The holiday pop-up has been a recent favorite for publishers, serving as a way to combine commerce and sponsorship revenues. But this year, several publishers aren’t keeping up the tradition.
The Strategist, Domino and Thrillist all previously operated temporary holiday stores, some for several years in a row. But with fewer brands wanting to pay up, these publishers have scrapped such activations this year. Domino’s editor-in-chief, Jessica Romm Perez, said her publication won’t have any holiday pop-up shops or commerce-based activations for a few reasons, in part because there are so many holiday pop-up stores.
“It’s just gotten so hard to stand out in terms of holiday pop-ups,” said Romm Perez. “It’s a crowded landscape.”
Last year, The Strategist launched a pop-up shop for eight weeks in the SoHo neighborhood of New York City. This year, it is opting instead to put its marketing resources behind its e-commerce business. The product recommendation site ran a brand marketing campaign from late September to early this month, aimed at driving readers to its online gift guides. The site also focused on regions outside New York, running out-of-home ads and campaigns in Chicago and London.
Thrillist also used to stage an annual holiday pop-up in Manhattan. Called Holiday Hideaway, it featured more than 40 vendors in a craft fair arrangement. But this year the publisher is skipping the pop-up, saying it will instead direct resources into the 100 Course Meal, a new series of quarterly events focused on Los Angeles-based cuisine and without ties to the holiday season.
Last year’s pop-up shop for The Strategist prompted New York Media to experiment with in-person activations, said Camilla Cho, who at the time was the company’s gm of e-commerce. She now serves as svp of e-commerce for Vox Media, which merged with the New York publisher.
“We would be happy to do it again if the appropriate opportunity came up,” Cho said. “And [we] have a have a lot of ideas for [real-life] activations in the pipeline.”
Todd Krizelman, CEO and founder of MediaRadar, said the transactional aspect of a holiday commerce pop-up is “powerful for the media company to show that not only can they authenticate the audience but [that audience] will also show up and buy something.”

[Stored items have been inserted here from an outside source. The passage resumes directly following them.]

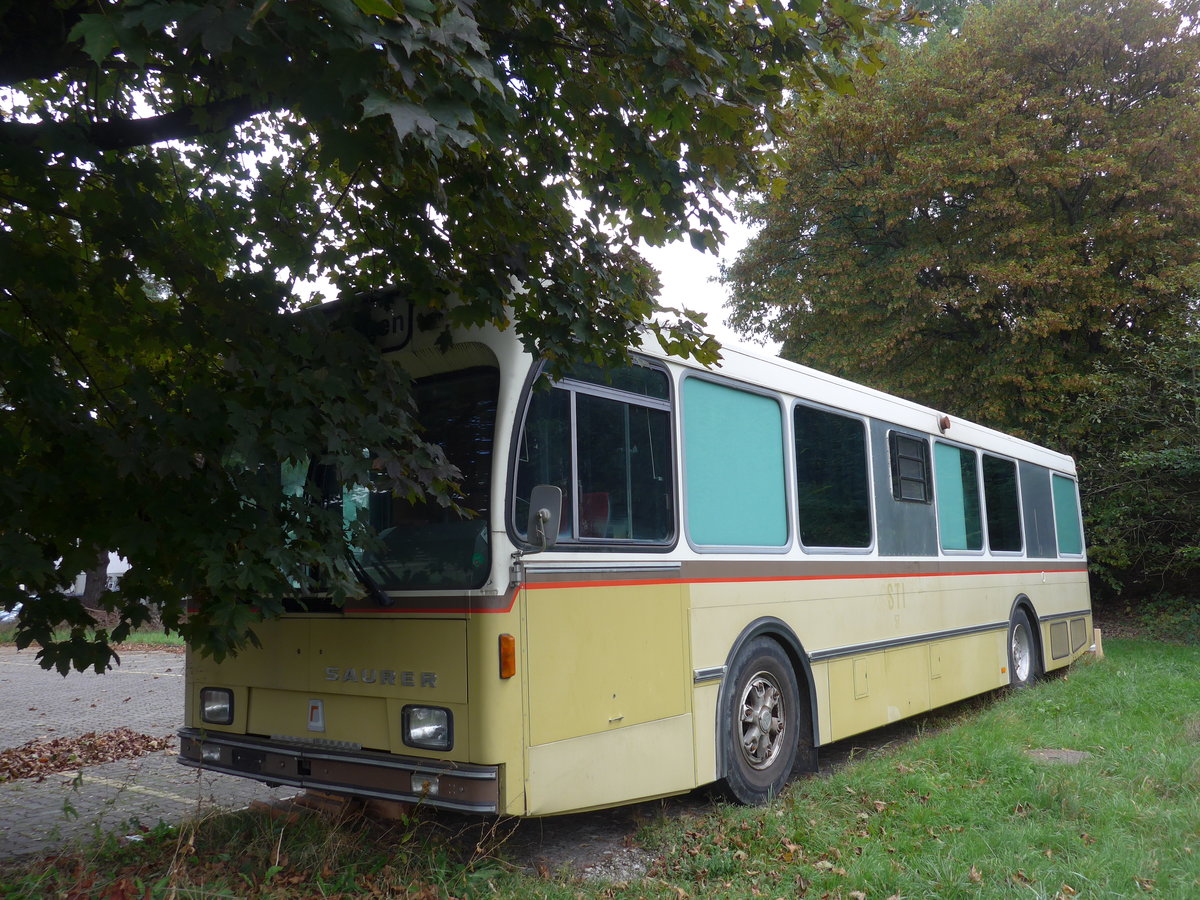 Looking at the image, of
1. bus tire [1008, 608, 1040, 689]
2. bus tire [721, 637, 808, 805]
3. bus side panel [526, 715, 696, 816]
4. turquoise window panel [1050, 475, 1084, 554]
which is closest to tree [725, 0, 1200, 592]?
turquoise window panel [1050, 475, 1084, 554]

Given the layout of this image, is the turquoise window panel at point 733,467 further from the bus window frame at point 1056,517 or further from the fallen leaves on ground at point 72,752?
the bus window frame at point 1056,517

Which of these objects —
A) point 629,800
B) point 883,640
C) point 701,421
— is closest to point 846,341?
point 883,640

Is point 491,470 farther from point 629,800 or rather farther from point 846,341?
point 846,341

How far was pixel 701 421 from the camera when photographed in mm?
5945

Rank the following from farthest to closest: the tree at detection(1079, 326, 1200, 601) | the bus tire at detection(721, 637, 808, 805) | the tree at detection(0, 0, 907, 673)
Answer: the tree at detection(1079, 326, 1200, 601) < the bus tire at detection(721, 637, 808, 805) < the tree at detection(0, 0, 907, 673)

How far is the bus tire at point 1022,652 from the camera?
1038 cm

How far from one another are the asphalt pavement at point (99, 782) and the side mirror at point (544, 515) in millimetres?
1923

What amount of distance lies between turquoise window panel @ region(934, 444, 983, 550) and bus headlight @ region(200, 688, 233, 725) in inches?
251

Based on MediaRadar’s research, Krizelman said it is very hard for publishers that are trying to earn consumer revenue during the holidays to secure a profit from e-commerce-only initiatives. And unlike a traditional retail operation, which has distribution and logistics efficiencies in place, a publication taking on these overhead costs might not have the in-house resources to profitably operate an online-only store or realize a return on the investment.
Regardless of duration or location, bringing a pop-up to life costs at least $100,000, said Eric Fleming, co-founder and executive producer of experiential marketing agency Makeout. Sponsorships are critical to cover these costs.
“I’m not seeing a reduction in experiential spending,” said AMP’s svp of client services, Scott Lennard, who leads the advertising agency’s experiential division. “But the bar has been raised, and the experiences are getting richer.”
For the past three years, Domino consistently run activations during the holiday season. Two years ago, the shelter publisher opened a 3,000-square-foot pop-up store, also in SoHo, sponsored by Home Depot in advance of the holiday season. And last year it worked with Amazon to host a lounge space in a Manhattan loft with curated products that attendees could purchase by scanning codes with their phones.
These days, Romm Perez said, instead of stores, sponsors want more high-touch events that include content that will resonate deeply with audiences, such as panels or talks, versus singular pop-up shops.
For example, this fall Domino promoted Amazon’s wedding registry by rolling out just for a weekend a pop-up store tied to Domino magazine’s first wedding-specific issue.
“Experiential used to mean more pop-ups,” Romm Perez said. “Now it’s trending toward something more meaningful with content integrations.”